Related:
July 2012,
Progressive Corporation: Linking Driving Behavior to Automobile Accidents and Insurance Rates (PDF)
http://www.nytimes.com/2012/11/25/business/seeking-cheaper-insurance-drivers-accept-monitoring-devices.html
November 24, 2012
So You're a Good Driver? Let's Go to the Monitor
By RANDALL STROSS
LAST week, under my car's dashboard, I installed a small wireless gadget that would monitor my driving. I wanted to see how it felt to have my driving behavior captured, sent to an insurance company and analyzed. More drivers, seeking discounts on auto insurance, are voluntarily doing just that.
Insurers are offering these discounts as they aim to abandon the crude proxies they have long used to guess the likelihood that a particular policyholder will have an accident.
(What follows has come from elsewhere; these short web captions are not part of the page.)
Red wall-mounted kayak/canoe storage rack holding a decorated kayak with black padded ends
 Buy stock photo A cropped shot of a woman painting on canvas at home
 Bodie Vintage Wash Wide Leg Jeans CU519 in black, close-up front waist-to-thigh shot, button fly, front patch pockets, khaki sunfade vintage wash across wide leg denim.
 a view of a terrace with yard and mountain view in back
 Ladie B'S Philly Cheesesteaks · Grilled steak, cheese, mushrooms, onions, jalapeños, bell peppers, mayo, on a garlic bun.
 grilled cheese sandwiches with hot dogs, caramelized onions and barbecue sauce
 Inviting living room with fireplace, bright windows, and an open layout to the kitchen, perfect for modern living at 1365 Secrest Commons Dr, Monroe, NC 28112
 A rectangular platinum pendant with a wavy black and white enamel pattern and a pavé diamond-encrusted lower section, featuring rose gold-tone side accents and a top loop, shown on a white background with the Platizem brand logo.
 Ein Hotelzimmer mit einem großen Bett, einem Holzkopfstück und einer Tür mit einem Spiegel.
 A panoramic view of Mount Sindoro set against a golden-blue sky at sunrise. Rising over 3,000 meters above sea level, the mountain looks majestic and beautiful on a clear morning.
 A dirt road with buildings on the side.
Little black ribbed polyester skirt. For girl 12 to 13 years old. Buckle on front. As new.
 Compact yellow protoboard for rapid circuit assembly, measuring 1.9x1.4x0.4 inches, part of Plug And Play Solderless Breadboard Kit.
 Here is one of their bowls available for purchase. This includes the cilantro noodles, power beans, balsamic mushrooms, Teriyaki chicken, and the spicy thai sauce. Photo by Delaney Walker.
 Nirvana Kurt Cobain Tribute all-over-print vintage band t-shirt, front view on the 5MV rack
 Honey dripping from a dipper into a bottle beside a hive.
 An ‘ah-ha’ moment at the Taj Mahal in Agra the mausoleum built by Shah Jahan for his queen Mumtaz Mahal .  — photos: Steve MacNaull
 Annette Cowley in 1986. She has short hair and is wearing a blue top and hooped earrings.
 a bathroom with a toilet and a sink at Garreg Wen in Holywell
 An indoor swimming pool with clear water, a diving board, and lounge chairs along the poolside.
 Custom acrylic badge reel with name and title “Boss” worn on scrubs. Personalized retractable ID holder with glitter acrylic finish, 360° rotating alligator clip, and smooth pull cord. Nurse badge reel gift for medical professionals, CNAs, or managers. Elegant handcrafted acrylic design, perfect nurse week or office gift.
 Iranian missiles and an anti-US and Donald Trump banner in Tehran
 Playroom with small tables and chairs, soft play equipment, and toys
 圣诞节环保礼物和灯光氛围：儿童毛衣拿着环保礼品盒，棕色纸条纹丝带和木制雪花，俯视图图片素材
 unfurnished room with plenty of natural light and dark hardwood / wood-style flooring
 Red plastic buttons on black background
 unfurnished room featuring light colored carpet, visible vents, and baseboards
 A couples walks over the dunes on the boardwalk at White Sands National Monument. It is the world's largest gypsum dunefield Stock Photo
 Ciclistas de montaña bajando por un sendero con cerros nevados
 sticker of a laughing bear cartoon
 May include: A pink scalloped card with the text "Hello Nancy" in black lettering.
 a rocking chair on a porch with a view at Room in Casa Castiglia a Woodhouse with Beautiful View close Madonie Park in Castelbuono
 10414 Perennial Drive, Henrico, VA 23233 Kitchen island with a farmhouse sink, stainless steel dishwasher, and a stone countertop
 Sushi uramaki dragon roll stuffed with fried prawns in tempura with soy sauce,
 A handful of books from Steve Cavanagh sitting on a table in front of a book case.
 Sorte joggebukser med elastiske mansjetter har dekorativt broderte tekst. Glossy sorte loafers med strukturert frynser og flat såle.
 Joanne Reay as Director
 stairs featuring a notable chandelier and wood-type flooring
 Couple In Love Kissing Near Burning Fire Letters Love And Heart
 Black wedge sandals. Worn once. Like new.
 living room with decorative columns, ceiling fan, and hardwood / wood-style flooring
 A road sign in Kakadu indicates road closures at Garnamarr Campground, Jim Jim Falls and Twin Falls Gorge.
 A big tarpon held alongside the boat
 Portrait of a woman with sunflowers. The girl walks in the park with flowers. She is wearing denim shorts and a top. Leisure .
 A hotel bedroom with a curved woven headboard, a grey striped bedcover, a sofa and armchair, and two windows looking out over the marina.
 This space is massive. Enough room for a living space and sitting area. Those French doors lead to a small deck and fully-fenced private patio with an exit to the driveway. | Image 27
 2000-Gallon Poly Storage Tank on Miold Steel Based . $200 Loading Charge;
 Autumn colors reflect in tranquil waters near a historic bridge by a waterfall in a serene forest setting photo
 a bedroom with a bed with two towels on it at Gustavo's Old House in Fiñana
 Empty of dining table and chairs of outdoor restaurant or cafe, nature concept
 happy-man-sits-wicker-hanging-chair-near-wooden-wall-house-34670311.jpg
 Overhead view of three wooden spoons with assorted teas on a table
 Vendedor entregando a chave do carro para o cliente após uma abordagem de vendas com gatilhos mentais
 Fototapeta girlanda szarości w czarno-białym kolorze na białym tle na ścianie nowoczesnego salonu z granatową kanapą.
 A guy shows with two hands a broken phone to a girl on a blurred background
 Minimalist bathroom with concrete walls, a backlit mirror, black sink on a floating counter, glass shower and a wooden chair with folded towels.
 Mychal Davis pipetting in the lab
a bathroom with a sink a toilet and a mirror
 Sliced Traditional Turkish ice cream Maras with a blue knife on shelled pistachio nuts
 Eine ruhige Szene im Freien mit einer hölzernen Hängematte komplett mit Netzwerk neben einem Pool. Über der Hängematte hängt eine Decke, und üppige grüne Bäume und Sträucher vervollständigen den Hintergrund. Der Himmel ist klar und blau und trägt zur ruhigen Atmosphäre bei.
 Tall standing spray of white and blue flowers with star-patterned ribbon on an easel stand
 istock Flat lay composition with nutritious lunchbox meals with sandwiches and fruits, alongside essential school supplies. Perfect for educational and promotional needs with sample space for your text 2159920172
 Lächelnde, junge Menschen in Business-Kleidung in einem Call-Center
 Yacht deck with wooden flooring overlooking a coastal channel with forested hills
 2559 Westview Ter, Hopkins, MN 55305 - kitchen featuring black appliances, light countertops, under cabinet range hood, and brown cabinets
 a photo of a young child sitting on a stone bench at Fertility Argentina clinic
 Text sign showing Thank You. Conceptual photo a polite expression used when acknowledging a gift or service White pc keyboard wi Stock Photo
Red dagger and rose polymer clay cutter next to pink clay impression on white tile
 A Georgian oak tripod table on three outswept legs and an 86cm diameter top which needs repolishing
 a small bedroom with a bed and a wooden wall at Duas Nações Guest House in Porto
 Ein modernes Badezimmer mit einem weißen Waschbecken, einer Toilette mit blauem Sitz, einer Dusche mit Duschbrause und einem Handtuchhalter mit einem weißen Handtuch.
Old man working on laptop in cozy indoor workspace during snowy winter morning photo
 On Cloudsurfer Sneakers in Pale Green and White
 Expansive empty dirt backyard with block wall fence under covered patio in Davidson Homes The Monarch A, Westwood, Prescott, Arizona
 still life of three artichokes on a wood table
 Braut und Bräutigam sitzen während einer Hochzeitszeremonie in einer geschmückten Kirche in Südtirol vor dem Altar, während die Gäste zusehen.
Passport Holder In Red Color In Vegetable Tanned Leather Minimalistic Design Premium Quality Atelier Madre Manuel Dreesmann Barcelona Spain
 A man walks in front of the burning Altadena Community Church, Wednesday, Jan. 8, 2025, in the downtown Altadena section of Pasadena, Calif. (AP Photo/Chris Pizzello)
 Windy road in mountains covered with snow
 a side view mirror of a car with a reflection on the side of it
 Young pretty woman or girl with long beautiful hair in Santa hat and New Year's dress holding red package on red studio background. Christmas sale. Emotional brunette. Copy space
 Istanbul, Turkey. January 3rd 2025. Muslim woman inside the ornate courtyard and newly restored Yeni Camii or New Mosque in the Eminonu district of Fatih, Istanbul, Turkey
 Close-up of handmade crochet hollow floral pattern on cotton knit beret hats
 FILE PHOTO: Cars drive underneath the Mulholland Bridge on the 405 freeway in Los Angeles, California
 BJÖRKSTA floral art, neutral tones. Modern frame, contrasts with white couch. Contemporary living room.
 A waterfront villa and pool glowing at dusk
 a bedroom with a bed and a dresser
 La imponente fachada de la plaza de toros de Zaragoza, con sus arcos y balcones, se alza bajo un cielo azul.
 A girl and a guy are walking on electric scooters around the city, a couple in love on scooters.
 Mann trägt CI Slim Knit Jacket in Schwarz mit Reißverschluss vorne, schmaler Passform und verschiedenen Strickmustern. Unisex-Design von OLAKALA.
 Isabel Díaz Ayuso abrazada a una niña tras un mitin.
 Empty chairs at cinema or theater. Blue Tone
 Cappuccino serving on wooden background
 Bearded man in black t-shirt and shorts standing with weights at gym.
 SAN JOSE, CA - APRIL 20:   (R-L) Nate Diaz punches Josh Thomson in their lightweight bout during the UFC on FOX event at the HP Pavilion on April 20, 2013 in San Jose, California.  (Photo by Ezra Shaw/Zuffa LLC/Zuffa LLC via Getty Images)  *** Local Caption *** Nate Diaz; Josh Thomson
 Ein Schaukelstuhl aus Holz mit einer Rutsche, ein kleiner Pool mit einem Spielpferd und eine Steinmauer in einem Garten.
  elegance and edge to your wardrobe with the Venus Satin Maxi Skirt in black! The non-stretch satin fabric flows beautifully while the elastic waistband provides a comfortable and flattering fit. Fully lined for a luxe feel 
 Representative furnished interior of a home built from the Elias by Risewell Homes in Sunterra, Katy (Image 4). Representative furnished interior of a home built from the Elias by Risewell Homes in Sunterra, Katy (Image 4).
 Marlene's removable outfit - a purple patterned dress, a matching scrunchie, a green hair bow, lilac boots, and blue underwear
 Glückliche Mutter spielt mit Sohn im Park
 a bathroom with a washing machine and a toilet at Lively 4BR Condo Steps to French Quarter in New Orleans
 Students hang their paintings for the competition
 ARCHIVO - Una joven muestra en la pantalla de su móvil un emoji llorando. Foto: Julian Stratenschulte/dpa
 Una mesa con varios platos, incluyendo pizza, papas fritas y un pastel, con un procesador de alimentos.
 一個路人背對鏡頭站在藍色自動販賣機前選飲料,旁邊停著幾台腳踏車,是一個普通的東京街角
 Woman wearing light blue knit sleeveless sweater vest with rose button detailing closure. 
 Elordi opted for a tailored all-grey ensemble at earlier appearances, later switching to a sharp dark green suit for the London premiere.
These have included age, sex, marital status, miles driven (as reported by the driver) -- and even credit scores, which can penalize those guilty of driving while poor.
Driving data is collected with a device that policyholders must be persuaded to install; it connects to the car's computer system via a diagnostic port found in all cars since 1996. Such "user-based insurance," the name for individualized pricing based on data collected from a vehicle, is spreading. Drivewise from Allstate is in 10 states; Drive Safe and Save, from State Farm, is in 16, with 11 more to be added next month; and Snapshot, from Progressive, is in 43.
Progressive was the first in the field, in 1998, when it started offering Houston customers a device that had to be professionally installed. Six years later, it introduced a device in three states that could be plugged in by the customer, but had to be unplugged at regular intervals and connected to a PC to upload the data. Wireless transmission came next.
In 2010, Progressive introduced Snapshot, which, unlike a predecessor, is offered without a threat of penalizing incautious drivers. Participating customers who drive without alarming tendencies will receive a discount of up to 30 percent; those with poor driving habits simply do not receive the discount. The company says that more than half of Snapshot participants earn discounts, which average 10 percent annually.
The Snapshot device records the time of day and distance traveled, along with the vehicle's speed, second by second. But Progressive deliberately left GPS out of the device so the car's exact location is not known; otherwise, more drivers might be nervous about using it.
Typically, Progressive collects data for only six months (that's the "snapshot"), after which the customer removes and returns the device. The discount can then continue indefinitely. The company reserves the right to take another snapshot later, such as after an accident.
Richard Hutchinson, a general manager at Progressive who oversees user-based insurance, says the company understands that "acceptance of this kind of insurance increases when monitoring is not continuous."
Customers who sign up for Snapshot can withdraw from the program at any time. Even drivers who are not Progressive customers can install the device for a no-obligation trial. Within a month, they will receive price quotations based on the driving data collected.
"Within 30 days, you have a strong flavor of how a customer drives," Mr. Hutchinson says.
Allstate, which introduced its user-based product at the end of 2008, reports more customer acceptance today than four years ago. About 30 percent of new customers are signing up for it in states offering it, says Randy Birchfield, Allstate's vice president for product operations, who oversees Drivewise.
THE device in my car is a Drivewise unit that Allstate supplied so that I could see how it works. (Drivewise is not currently offered in California, where I live.)
The day after I installed it, I could log on to the Drivewise site and see graphs showing miles driven, the number of incidents of "hard braking" and "extreme braking" sensed by an accelerometer, how many miles were driven at more than 80 miles an hour, and the number of miles driven at what times of day or night. That is all. The device is semiblind by design. It does not know what road I'm traveling or whether I'm stopping for a red light. It also remains oblivious to whether I'm going 70 miles per hour in a 30 m.p.h. zone.
Allstate says the lowest-risk time for accidents is 5 a.m. to 11 p.m. on weekends, with the highest risk from 11 p.m. to 4 a.m. on weekdays and 11 p.m. to 5 a.m. on weekends. So I couldn't earn the maximum discount if I worked at a job that put me on the road in the highest-risk times.
"There is a very strong correlation between the driving behaviors we're monitoring and accidents," Mr. Birchfield says. Allstate says the discount for its participants also averages 10 percent.
I had thought I'd be uncomfortable knowing that the Drivewise gadget was accompanying me everywhere, But that wasn't the case -- perhaps because my driving behavior was translated into charts with innocuous titles like "miles driven" and "braking events." The data can be used in post-accident investigations and litigation, however, so I wonder how innocuous it would all look in court in the hands of a plaintiff who has sued me.
"Today, the better drivers are the ones who are opting in" to user-based insurance, says Shamik Lala, a manager at A.T. Kearney, the consulting firm. In five years, when he expects the industry to view such insurance as standard, insurers will treat those who don't opt in as bad risks, he predicts.
In places where user-based insurance is now available, drivers are voluntarily choosing it in large numbers because, Mr. Lala says, "we all think we're above-average drivers."
The little device installed under the dashboard, however, suffers not at all from excessive self-regard.